What you are asked to do: Extract, from the listing that follows, each line containing the word "light".

Dataset content:
= Beginning of Section =
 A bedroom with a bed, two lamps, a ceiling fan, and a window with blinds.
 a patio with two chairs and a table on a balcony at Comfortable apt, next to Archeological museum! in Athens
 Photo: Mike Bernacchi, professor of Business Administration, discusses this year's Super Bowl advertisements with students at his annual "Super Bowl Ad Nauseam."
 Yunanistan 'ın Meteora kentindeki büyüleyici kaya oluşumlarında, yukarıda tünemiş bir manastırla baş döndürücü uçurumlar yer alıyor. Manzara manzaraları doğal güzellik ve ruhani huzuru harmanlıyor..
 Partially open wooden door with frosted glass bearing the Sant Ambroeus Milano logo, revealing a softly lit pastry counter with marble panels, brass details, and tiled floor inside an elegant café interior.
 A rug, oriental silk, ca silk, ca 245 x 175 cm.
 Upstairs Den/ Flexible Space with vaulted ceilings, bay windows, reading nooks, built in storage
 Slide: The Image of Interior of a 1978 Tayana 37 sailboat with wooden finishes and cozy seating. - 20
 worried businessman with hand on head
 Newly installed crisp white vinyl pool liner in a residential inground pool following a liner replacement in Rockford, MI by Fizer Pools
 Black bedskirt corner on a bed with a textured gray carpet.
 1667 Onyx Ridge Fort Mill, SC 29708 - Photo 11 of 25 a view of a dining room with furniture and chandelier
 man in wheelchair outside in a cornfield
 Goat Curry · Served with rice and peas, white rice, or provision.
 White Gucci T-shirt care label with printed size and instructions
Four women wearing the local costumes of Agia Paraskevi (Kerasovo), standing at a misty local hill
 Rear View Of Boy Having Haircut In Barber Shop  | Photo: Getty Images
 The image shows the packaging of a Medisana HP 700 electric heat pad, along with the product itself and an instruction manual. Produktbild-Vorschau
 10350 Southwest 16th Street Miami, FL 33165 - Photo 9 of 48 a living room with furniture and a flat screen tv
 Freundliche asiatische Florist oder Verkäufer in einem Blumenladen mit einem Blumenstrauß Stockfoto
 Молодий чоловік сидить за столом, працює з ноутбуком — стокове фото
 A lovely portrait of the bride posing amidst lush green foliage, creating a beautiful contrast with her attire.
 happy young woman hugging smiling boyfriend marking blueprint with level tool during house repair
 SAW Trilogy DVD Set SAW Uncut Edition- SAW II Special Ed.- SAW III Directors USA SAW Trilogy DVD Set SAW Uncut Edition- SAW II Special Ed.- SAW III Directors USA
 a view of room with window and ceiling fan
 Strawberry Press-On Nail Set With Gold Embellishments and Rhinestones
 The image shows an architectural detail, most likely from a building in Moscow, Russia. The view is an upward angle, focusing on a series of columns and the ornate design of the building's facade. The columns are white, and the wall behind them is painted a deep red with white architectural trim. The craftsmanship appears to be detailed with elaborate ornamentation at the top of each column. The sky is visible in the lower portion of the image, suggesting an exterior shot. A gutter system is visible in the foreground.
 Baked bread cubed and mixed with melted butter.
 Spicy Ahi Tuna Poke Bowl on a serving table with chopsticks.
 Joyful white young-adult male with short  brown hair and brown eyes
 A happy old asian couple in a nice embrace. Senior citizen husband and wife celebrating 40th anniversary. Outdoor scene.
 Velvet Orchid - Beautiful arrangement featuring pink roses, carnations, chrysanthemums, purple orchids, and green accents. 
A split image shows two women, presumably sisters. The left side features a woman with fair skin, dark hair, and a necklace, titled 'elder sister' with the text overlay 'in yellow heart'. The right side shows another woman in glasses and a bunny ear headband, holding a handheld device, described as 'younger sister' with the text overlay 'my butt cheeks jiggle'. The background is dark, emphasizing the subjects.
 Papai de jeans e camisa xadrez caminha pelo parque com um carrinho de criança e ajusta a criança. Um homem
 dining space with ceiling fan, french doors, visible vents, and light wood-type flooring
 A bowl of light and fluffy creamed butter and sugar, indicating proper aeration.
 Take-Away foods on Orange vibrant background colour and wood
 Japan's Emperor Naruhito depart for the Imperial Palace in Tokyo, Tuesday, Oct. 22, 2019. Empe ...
= End of Section =
Reply to the task:
 dining space with ceiling fan, french doors, visible vents, and light wood-type flooring
 A bowl of light and fluffy creamed butter and sugar, indicating proper aeration.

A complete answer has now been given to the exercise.